Community Church Sermons
Year C
May 16, 2010
The Seventh Sunday of Easter
…but Then Jake Got Saved!
Psalm 97
Acts 16:16-34
Rev. Martin C. Singley, III
Sometimes you think you have God pretty much figured out. You get to a place where the Lord makes sense to you and your faith feels comfortable. You’ve got your theology in place, and your outlook on life is shaped by what you have come to believe. Everything is certain and sure. You are in control!
But then somebody like Jake gets saved!
Now “Jake” is not his real name, but I’m using it simply because I think it sounds cool to call this jailer at the Philippian city jail “Jake.” Jake the Jailer. It has a ring to it. And Jake’s story is one of those stories that we need to pay attention to – especially those of us who think this faith-thing is all about us.
I don’t know about you, but I find it helpful sometimes to study Bible stories backwards - instead of starting at the beginning and reading to the end, to start at the end and roll it back to the beginning.

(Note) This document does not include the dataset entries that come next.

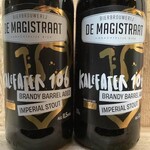 NIEUW BINNEN: Kalefater #106, Magistraat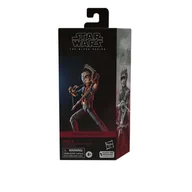 Figurki dla dzieci - Figura Star Wars Bad Batch Omega Equipo Mercenario Serie Czarny - miniaturka - grafika 1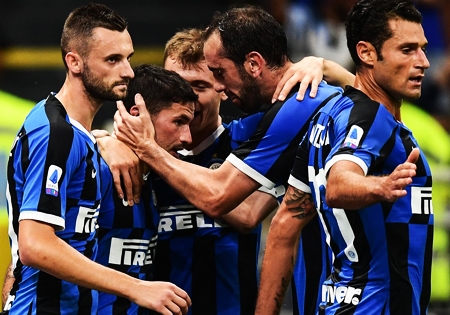 Inter bude chcieť zabojovať o 1. miesto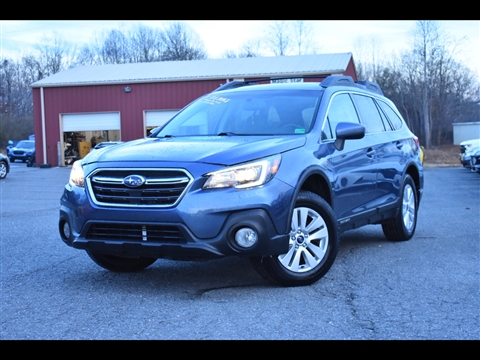 2018 Subaru Outback 2.5i Premium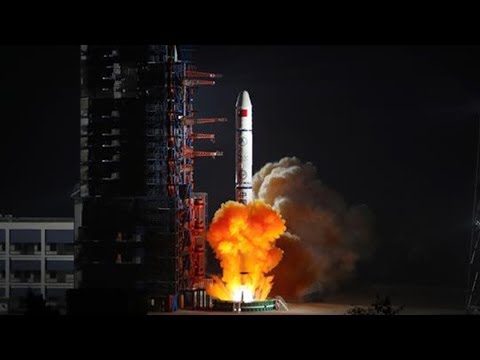 china launches yaogan3003 remote sensing satellites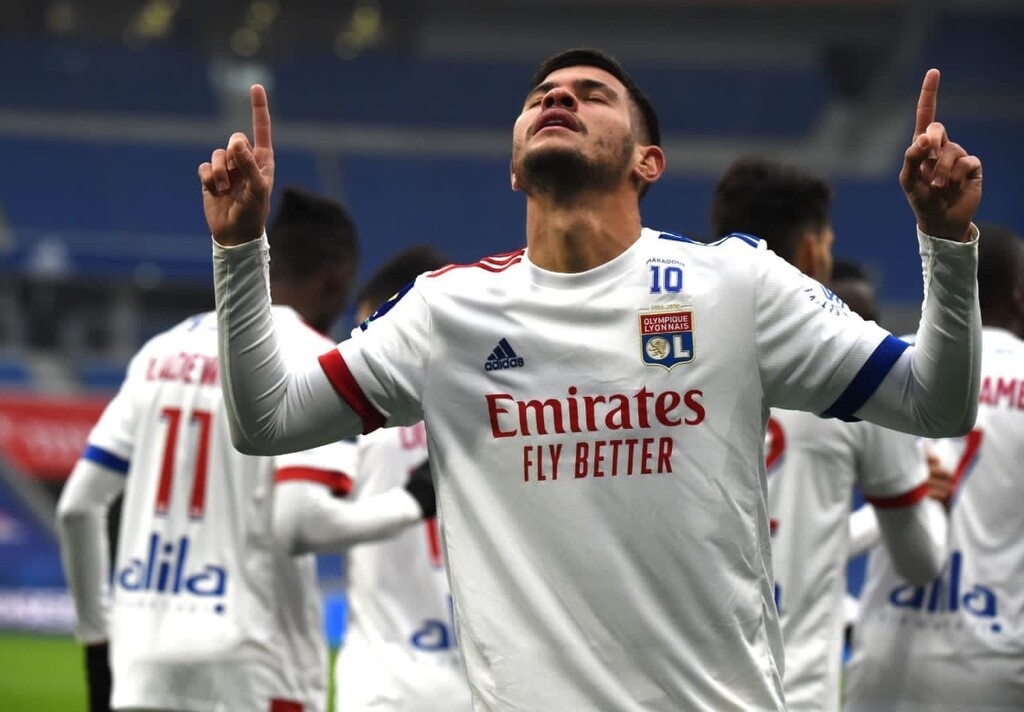 Ligue1: Άνετες νίκες για Λιόν και Μονακό! (video+photos)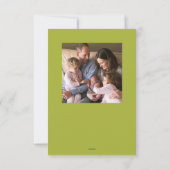 Carte Citation de Mister Grinch : Beurk Beurk Beurk (Dos)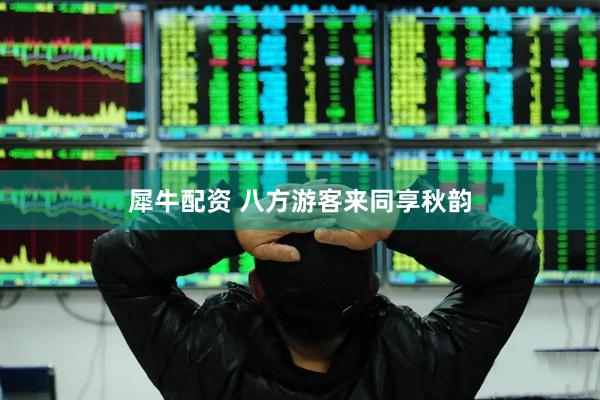 犀牛配资 八方游客来同享秋韵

And this is one of those stories that is packed with all sorts of neat stuff when you read it backwards.
The story ends with Jake the Jailer getting saved! The book of Acts tells us that everybody is happy Jake came to believe in God. Maybe Jake was like some of us who everybody else knew had to get our lives straightened out. I think that’s what my best friend Dennis Astrella’s parents and my folks were thinking when they hauled us down to an evangelistic crusade one night when we were about 12. I’m guessing they were hoping beyond hope that God’s lightning would somehow strike and save us from our evil 12-year old ways. Well, the evangelist painted such a terrifying picture of hell and managed to convince us that we were headed there in a handbasket that when the invitation was given, Dennis and I just about ran to the altar to give our lives to Christ.
And everybody was happy that we got saved! Lots of people were happy when Jake the Jailer got saved, too.
But let’s step backwards and find out just how this happened to ol’ Jake.
The story tells us that the apostle Paul spoke these words to Jake the Jailer at a critical moment in his life. Paul said, “Believe in the Lord Jesus, and you will be saved.” These words were powerful to Jake because he was at a crossroads in life where he knew things had to change – where he needed to head in another direction. He was so despondent about his life, in fact, that he was on the brink of suicide.
What was it that brought Jake to such a frightening place?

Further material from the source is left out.